◆ **Try it**: Could you repeat the entries below exactly, but only from the line with "Adidas Run 72" through the line with "Voorthuizerstraat 39 Putten thumbnail 22", and without any picture?

◆ **Given entries**:
- Opening Delimiter -

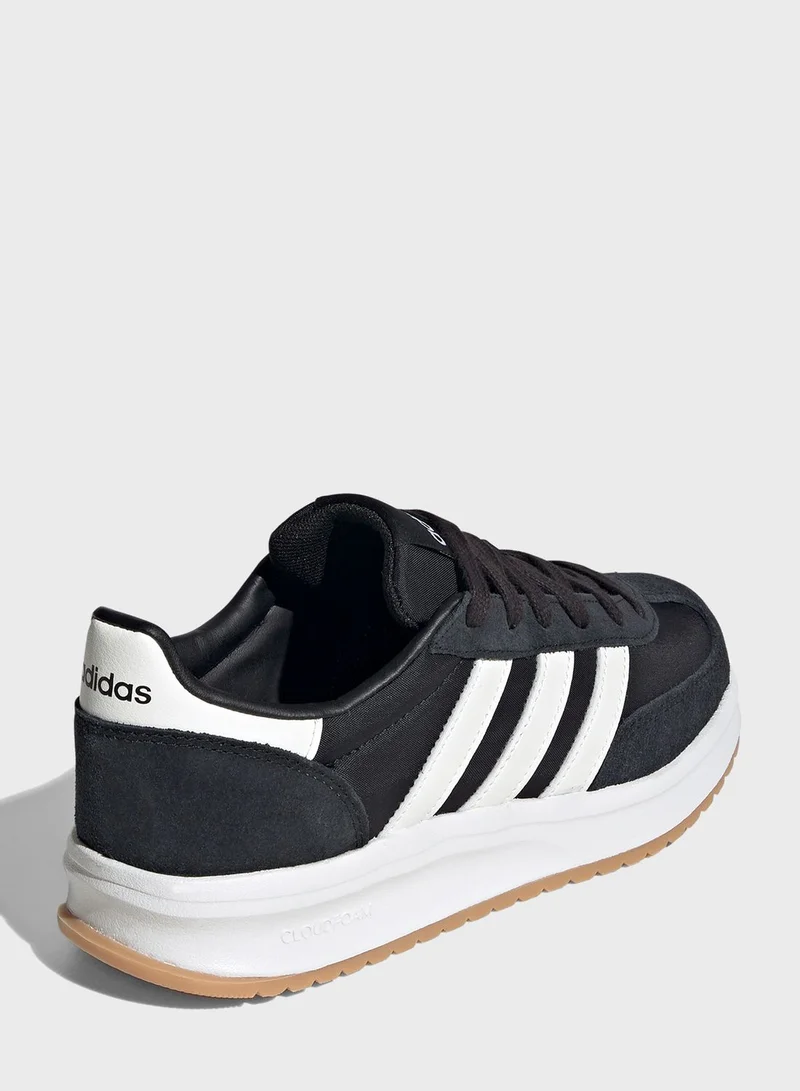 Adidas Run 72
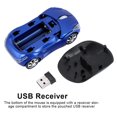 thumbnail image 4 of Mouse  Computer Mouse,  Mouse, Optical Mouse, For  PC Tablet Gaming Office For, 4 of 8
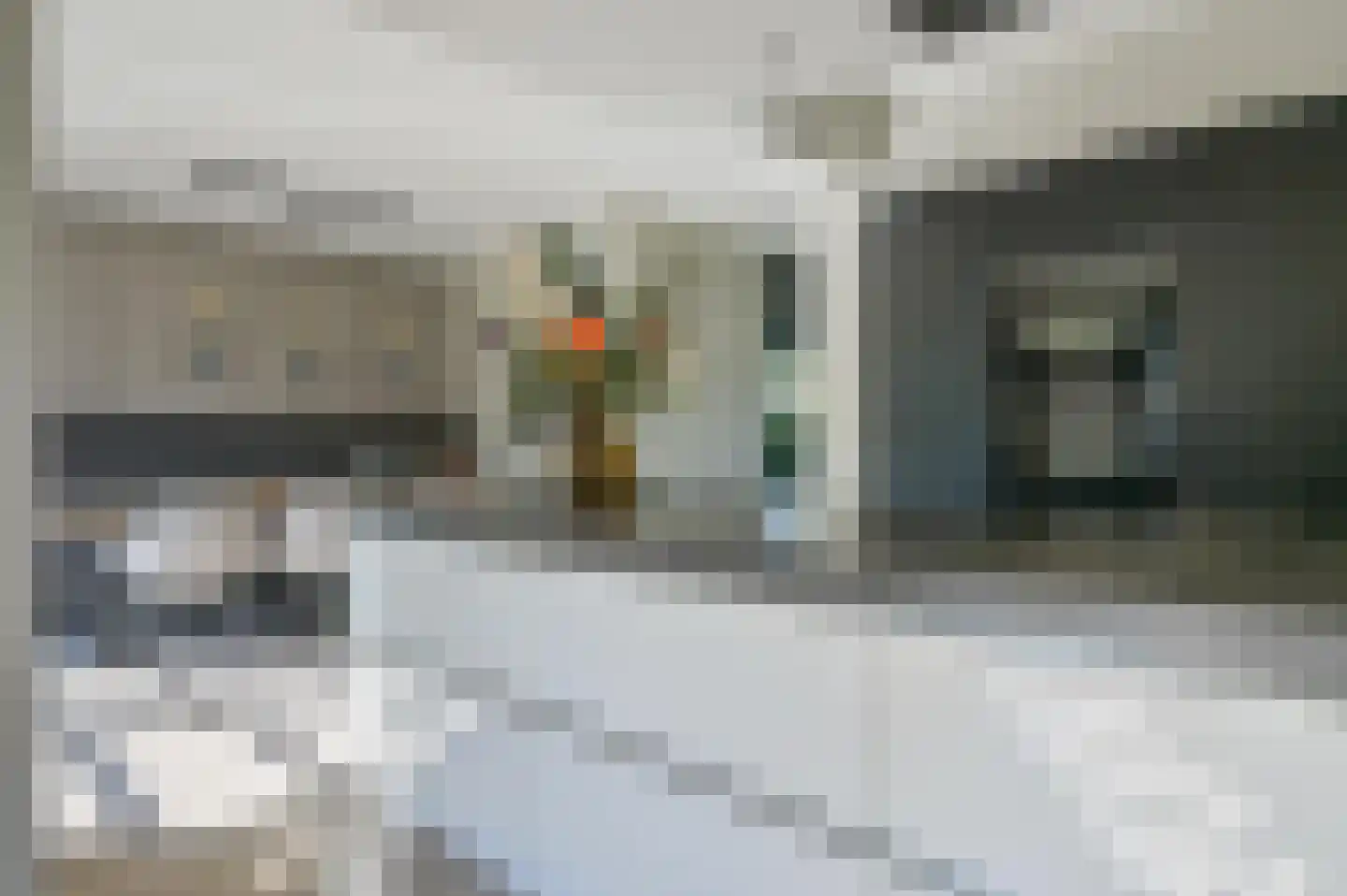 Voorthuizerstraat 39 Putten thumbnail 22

- Closing Delimiter -
- Opening Delimiter -

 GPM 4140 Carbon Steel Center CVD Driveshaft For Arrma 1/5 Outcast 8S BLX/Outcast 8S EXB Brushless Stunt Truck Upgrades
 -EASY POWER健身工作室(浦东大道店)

- Closing Delimiter -
- Opening Delimiter -

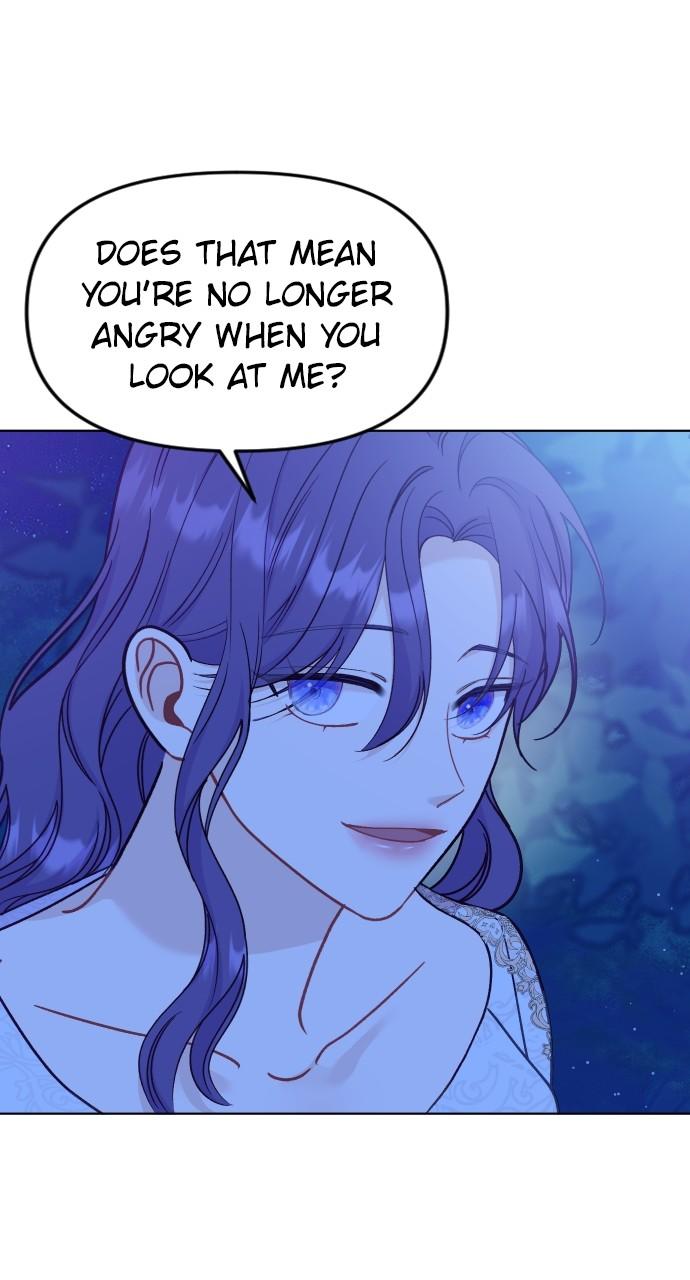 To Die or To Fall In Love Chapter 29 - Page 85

- Closing Delimiter -

◆ **Problem solution**:
 Adidas Run 72
 thumbnail image 4 of Mouse  Computer Mouse,  Mouse, Optical Mouse, For  PC Tablet Gaming Office For, 4 of 8
 Voorthuizerstraat 39 Putten thumbnail 22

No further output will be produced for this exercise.